An exact reproduction of the data below is expected, free of images.

**** Supplied records

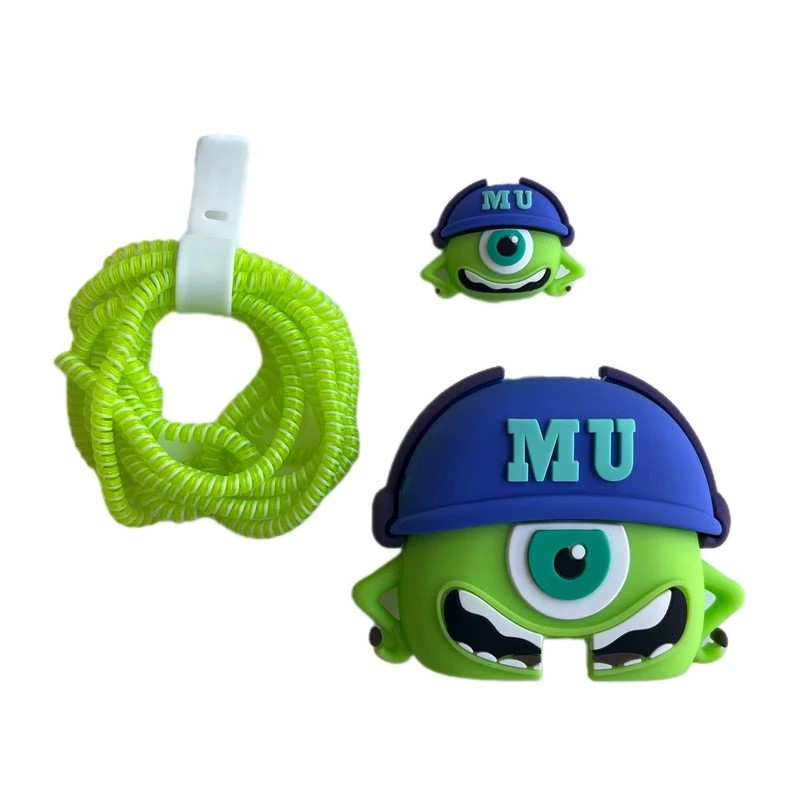 محافظ کابل شارژ وال کیس طرح مایک به همراه محافظ شارژر دیواری 25 وات سامسونگ مجموعه 4 عددی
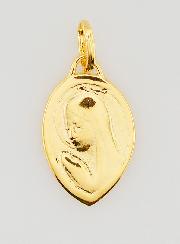 Médaille Vierge Marie en Prière Plaqué Or - 18mm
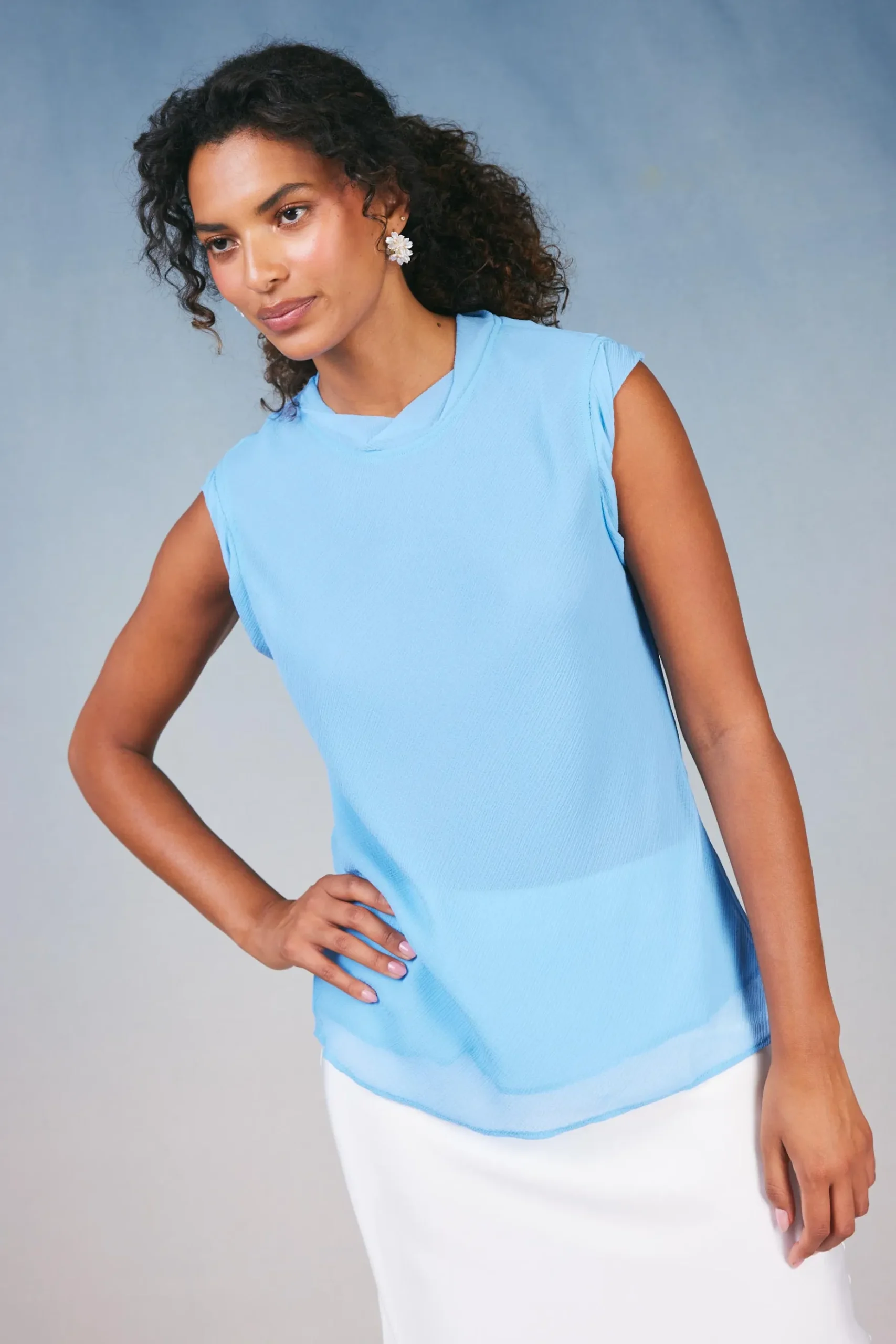 Current Air Layered Tank Top PASTELBLUE Hot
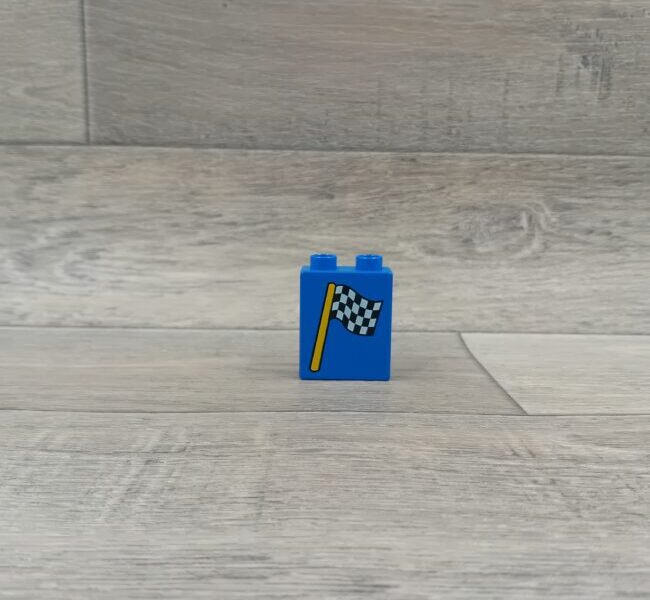 Duplo blok met afbeelding blauw wedstrijdvlag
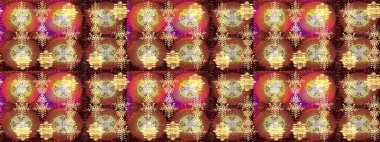 Raster illüstrasyonu. Kahverengi, nötr ve sarı renkli kristal kar taneleri.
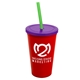 a red cup & translucent violet lid & translucent green straw 22 oz single - wall snap on tumbler with lid and straw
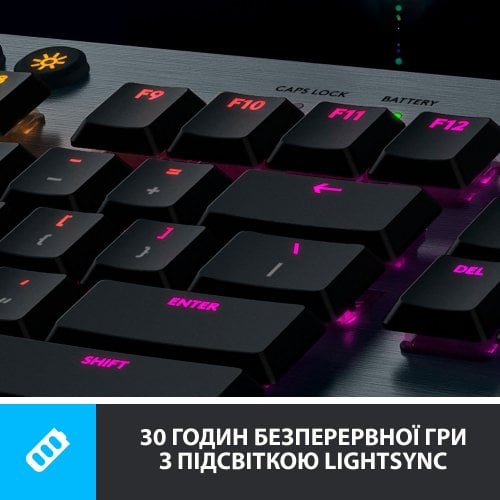 Купить Клавиатура Logitech G915 RGB Mechanical Tactile (920-008910) Black - цена в Харькове, Киеве, Днепре, Одессе
в интернет-магазине Telemart фото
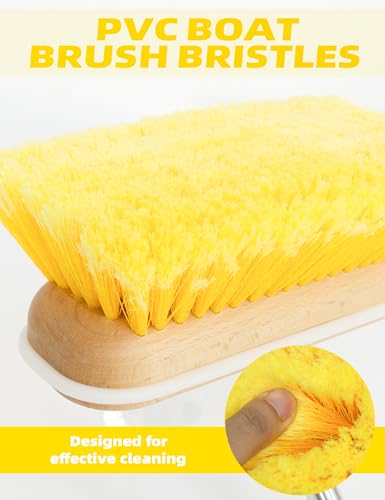 BLUEWING 8in Deck Brush Head with Soft/Medium/Hard Bristle Marine Scrubbing Washing Outdoor Boat Cleaning Tools - color: Yellow, style: Soft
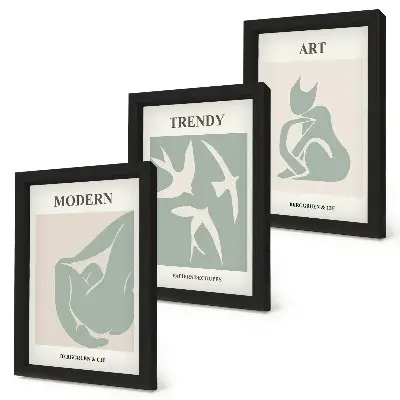 Gallery wall met abstracte figuren van Henri Matisse in ingetogen kleuren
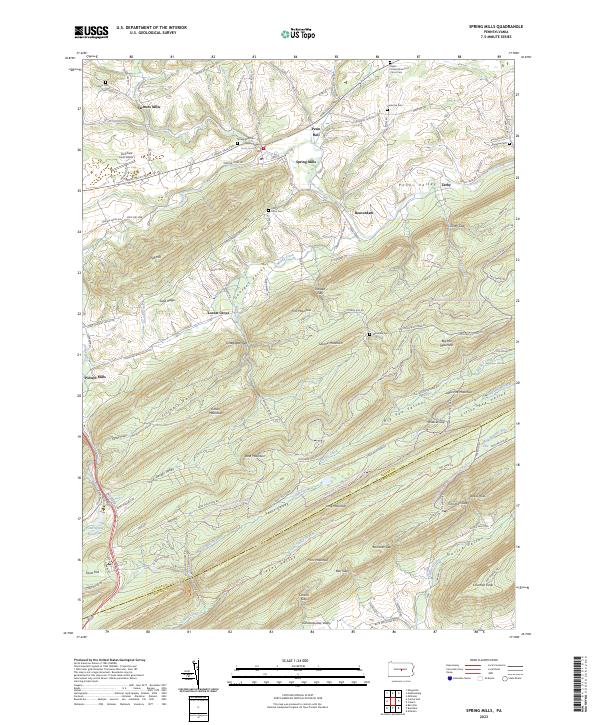 Spring Mills topographic map thumbnail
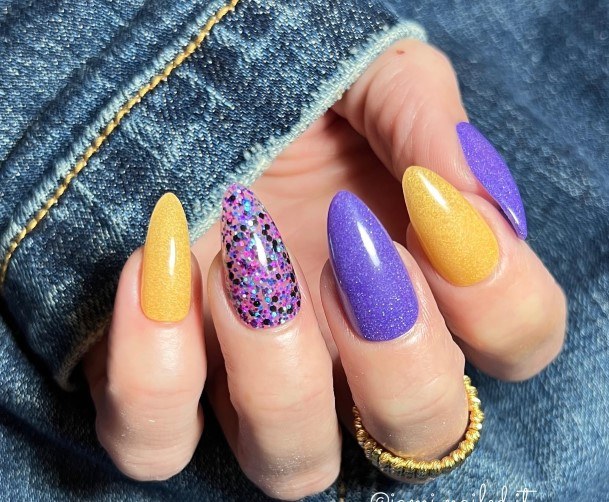 Exquisite Purple And Yellow Nails On Girl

********

» **Solution**:
 محافظ کابل شارژ وال کیس طرح مایک به همراه محافظ شارژر دیواری 25 وات سامسونگ مجموعه 4 عددی
 Médaille Vierge Marie en Prière Plaqué Or - 18mm
 Current Air Layered Tank Top PASTELBLUE Hot
 Duplo blok met afbeelding blauw wedstrijdvlag
 Raster illüstrasyonu. Kahverengi, nötr ve sarı renkli kristal kar taneleri.
 a red cup & translucent violet lid & translucent green straw 22 oz single - wall snap on tumbler with lid and straw
 Купить Клавиатура Logitech G915 RGB Mechanical Tactile (920-008910) Black - цена в Харькове, Киеве, Днепре, Одессе
в интернет-магазине Telemart фото
 BLUEWING 8in Deck Brush Head with Soft/Medium/Hard Bristle Marine Scrubbing Washing Outdoor Boat Cleaning Tools - color: Yellow, style: Soft
 Gallery wall met abstracte figuren van Henri Matisse in ingetogen kleuren
 Spring Mills topographic map thumbnail
 Exquisite Purple And Yellow Nails On Girl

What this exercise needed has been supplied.